When I used the reference level master volume at "0.0db" the reading was "85db" on each speaker (we can say that they were calibrated properly, Right???)

To get the 75.0db reading... I had to lower the master volume to "-10.0db" :yes:



> ... Then all the other speakers would be adjusted with the volume trims to read 75db..
> I don't understand if you've set them all to 75db..that your'e now getting a reading of 80 -85db.!!

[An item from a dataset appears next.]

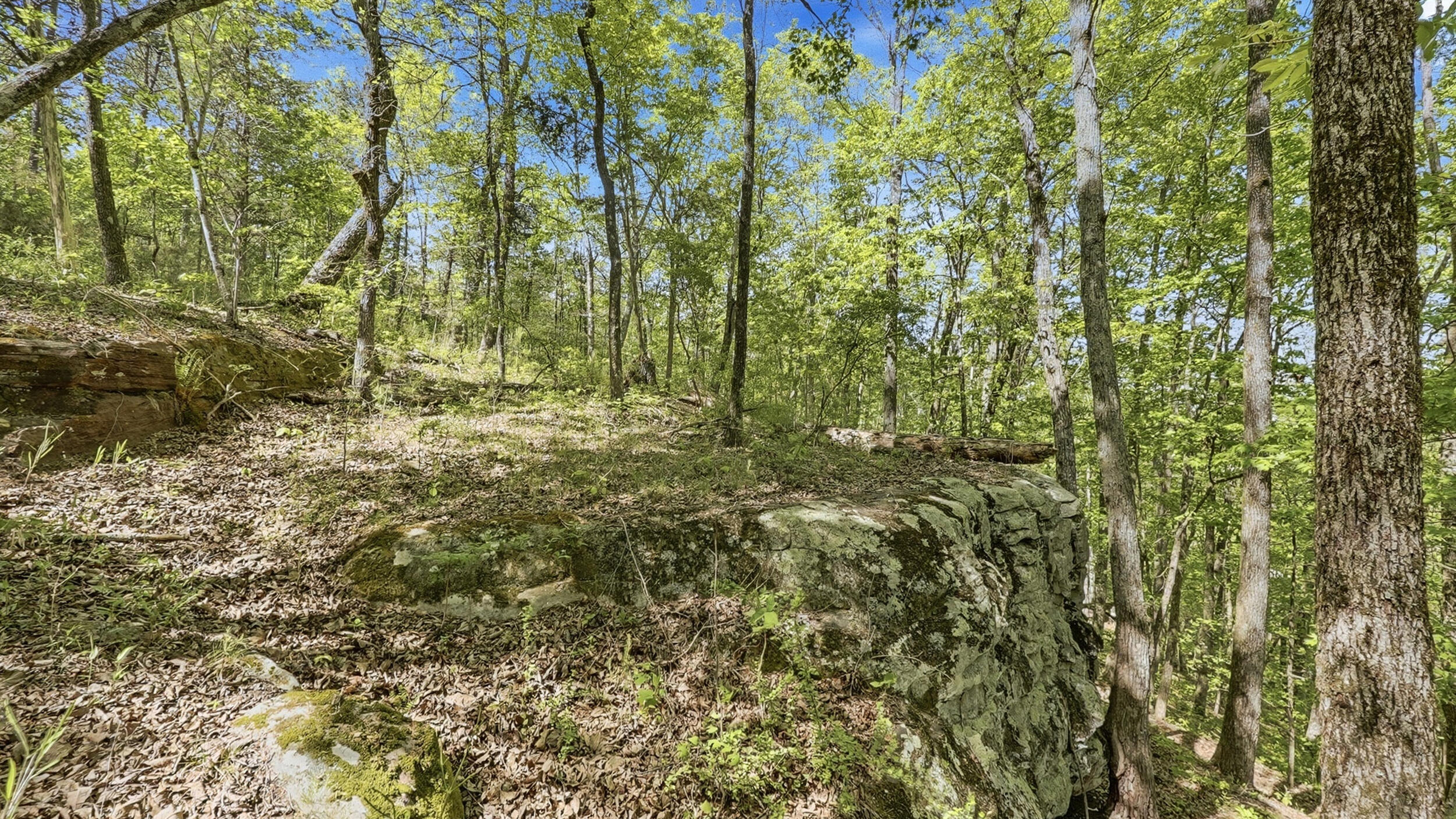 0 Worley Road, Unit LOT 43 Soddy-Daisy, TN 37379 - Photo 11 of 31 11024 Worley Rd-10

We can say that my reference volume is not 0.0db ... is -10.0db :yes:

I discovered the high SPL's (85.0db) after I used YPAO, I always double check with the SPL meter to fine tune the response of each speaker :bigsmile:

My surprise was that YPAO used the the reference "0.0" but not with the 75.0db output ... I thought that YPAO will trim each speaker level to the minimum (-10.0db in my case) to output the 75.0db at reference (0.0db) not 85.0db :yes: :dizzy:


----------



## tcarcio (Jun 27, 2007)

The same thing happened to me and it was because the amp is sending more power to the speakers than the reciever did so when you have the gain wide open on the amp the reciever cannot correct for it so it just sets the master ref to 0db and with more power you are getting higher db's. You should set the ref level in the reciever back to 0 and then lower the gain on the amp a little at a time to get your 75db setting. I had to turn my amps down to about 3/4 to be able to set ref level with the master at 0db.


----------



## Prof. (Oct 20, 2006)

salvasol said:


> Sorry ...
> 
> When I used the reference level master volume at "0.0db" the reading was "85db" on each speaker (we can say that they were calibrated properly, Right???)

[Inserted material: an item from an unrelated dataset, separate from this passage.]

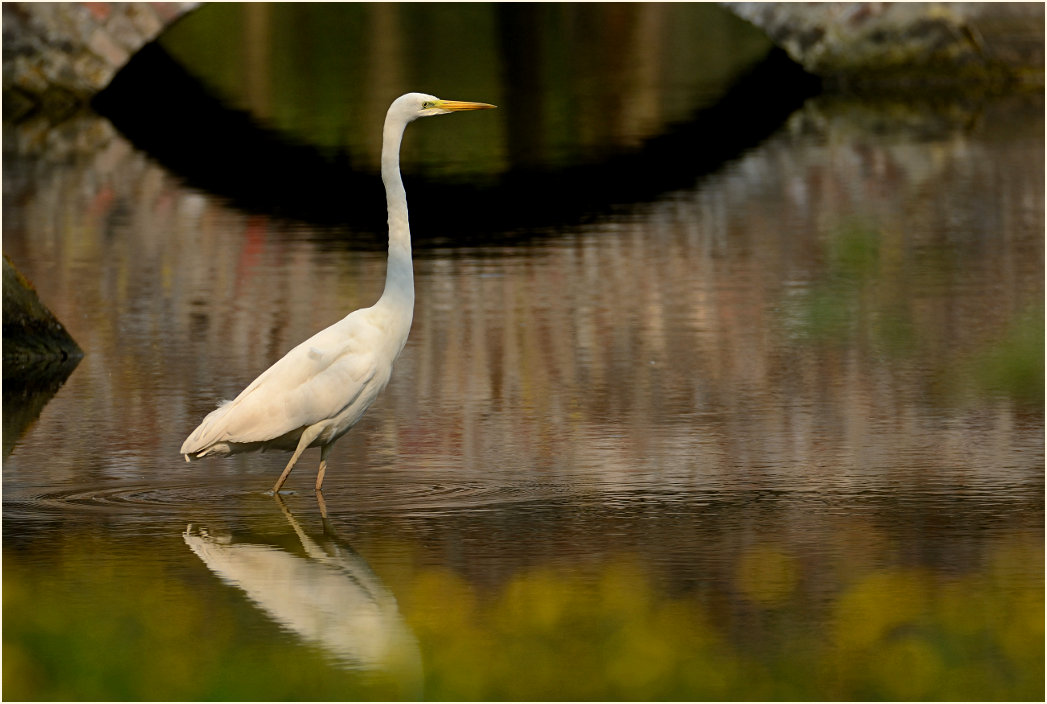 Silberreiher (Casmerodius albus)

Now that makes more sense..but of course 85db. is too high at reference level..



> To get the 75.0db reading... I had to lower the master volume to "-10.0db" :yes:


Why do that..? Why not lower the speaker trims to all read 75db?

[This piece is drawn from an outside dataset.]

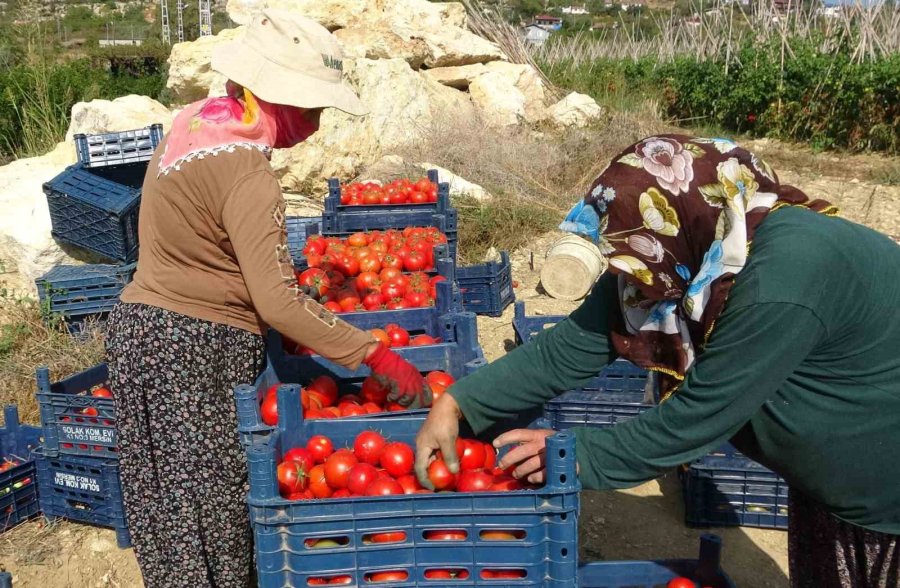 Domateste Güz Hasadı Başladı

> I discovered the high SPL's (85.0db) after I used YPAO, I always double check with the SPL meter to fine tune the response of each speaker :bigsmile:
> 
> My surprise was that YPAO used the the reference "0.0" but not with the 75.0db output ... I thought that YPAO will trim each speaker level to the minimum (-10.0db in my case) to output the 75.0db at reference (0.0db) not 85.0db :yes: :dizzy:


The YPAO is notoriously inaccurate for setting speaker levels..
I only use it to set up initially for delays and speaker distances, and then set all my speaker levels manually with the volume trims to read 75db..


----------



## Prof. (Oct 20, 2006)

tcarcio said:


> The same thing happened to me and it was because the amp is sending more power to the speakers than the reciever did so when you have the gain wide open on the amp the reciever cannot correct for it so it just sets the master ref to 0db and with more power you are getting higher db's. You should set the ref level in the reciever back to 0 and then lower the gain on the amp a little at a time to get your 75db setting. I had to turn my amps down to about 3/4 to be able to set ref level with the master at 0db.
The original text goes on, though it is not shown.